I'd like to launch a sporadic feature for this blog called Geek Tourism, pointing out geeky destinations for those who find themselves in the Minneapolis/St. Paul metro area. I would have written this entry earlier this week, but I'm getting over a nasty bout of gastroenteritis and wasn't really feeling like writing much in the past couple of days.
Today I'm going to feature two independent bookstores in Minneapolis, Dreamhaven and Uncle Hugo's.

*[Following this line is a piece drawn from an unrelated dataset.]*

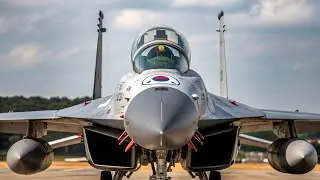 2026 FA-50 Fighting Eagle | Next-Gen Light Combat Jet Explained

Dreamhaven is a store in the Uptown neighborhood in Minneapolis, easily recognized by the garish shade of lavender that it's painted. They sell used and new science fiction, fantasy, horror, comics, videos, audiorecordings, action-figure-type toys, and a few oddball items that are difficult to categorize, like books about conspiracy theories, photographing rabbits, and the history of sideshow freaks (it's not a "Coast to Coast A.M." type of store, don't worry!) It's also a sort of shrine to local-ish author Neil Gaiman, who keeps his awards on display there. Dreamhaven also supports and sells local/independent comics and chapbooks, including a new volume of short stories they recently published by Peter S. Beagle. It's the sort of store in which it's easy to discover tons of things you never knew existed, but cannot possibly imagine not reading or viewing now that you know about them! Accessibility note: the front/street entrance has steps, but I think the back entrance (which is where the loading dock and parking lot are) has a ramp.

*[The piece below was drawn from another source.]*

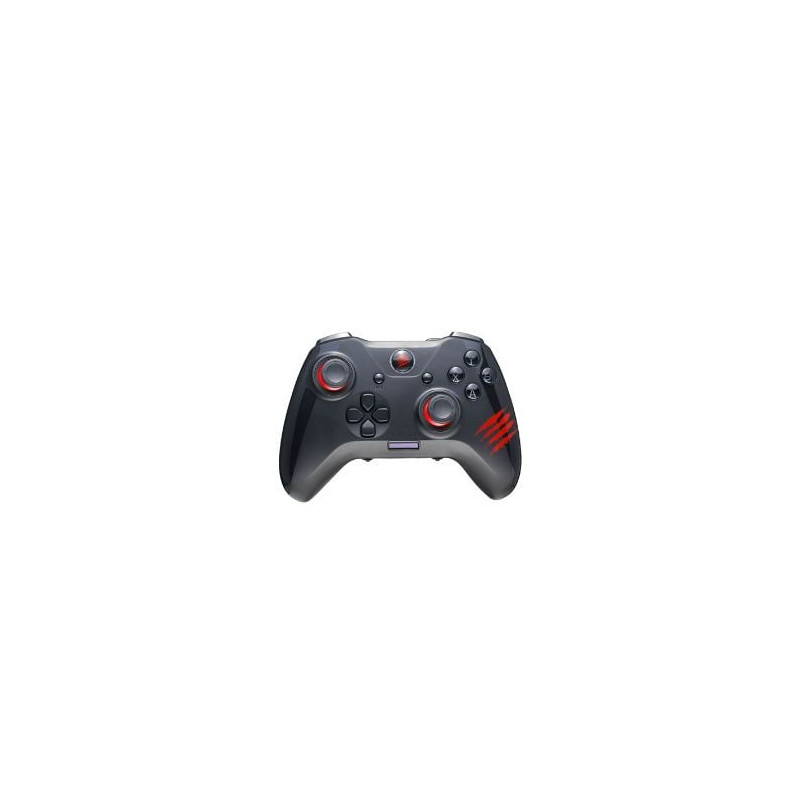 Controller mad catz cat7 wired/usb nero [gcpccainbl000-0]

While you're in the neighborhood, I suggest paying a visit to two other local businesses, Falafel King (a restaurant serving Mediterranean and Middle Eastern goodies like souvlaki, gyros, and of course, falafel) and Bill's Imported Foods. I'm a foreign-junk-food aficionado, so it's a great place to replenish my supply of "I'm not sure what this is, but it has a picture of a strawberry on it" tea biscuits. Unlike more upscale/yuppie imported food stores like World Market (don't get me wrong, I love going there, too, it's just so @$%#ing expensive), Bill's has a "this is what we got, take it or leave it" feeling to it. The store is clean, and the merchandise is organized by category, but if you're not interested in deciphering labels or doing outside research, you probably won't know what a lot of the stuff is. Bills caters more to people from The Old Country looking for familiar things from home, and adventurous bargain hunters, than to people expecting the consistency and convenience of big box chain groceries. Bill's also sells stuff from countries that are less marketable here in the Midwest. Most grocery stores here that sell imported stuff focus on Western Europe, China, Japan, and Mexico. Bill's has stuff from Eastern Europe, the Middle East, and more obscure Asian and South American countries. They also sell baked goodies from Falafel King. So, if you're looking for Serbian Jaffa Cakes, cardamom-flavored Sri Lankan tea, or 15 different brands (not exaggerating!) of Petit Beurre tea biscuits, Bill's is worth a stop.
Falafel King (since their website is inaccessible and rather inexplicably doesn't give the store location or phone number):
701 W Lake St
Minneapolis, MN 55408-3085
Phone: (612) 824-7887
Last stop is nearby in the Midtown neighborhood, Uncle Hugo's , and its sister (brother?) store Uncle Edgar's. Uncle Hugo's focuses most on used science fiction, fantasy, and horror books, with shelves crammed nearly floor-to-ceiling and some books in cardboard totes on the floor (I don't advise trying to get a wheelchair through this store, it's bad enough with low vision and a cane). They do have sections of new books, genre magazines, and collectible card game booster packs up front. Suggested reading lists for various sub-genres are helpfully tacked up on the ends of the bookcases.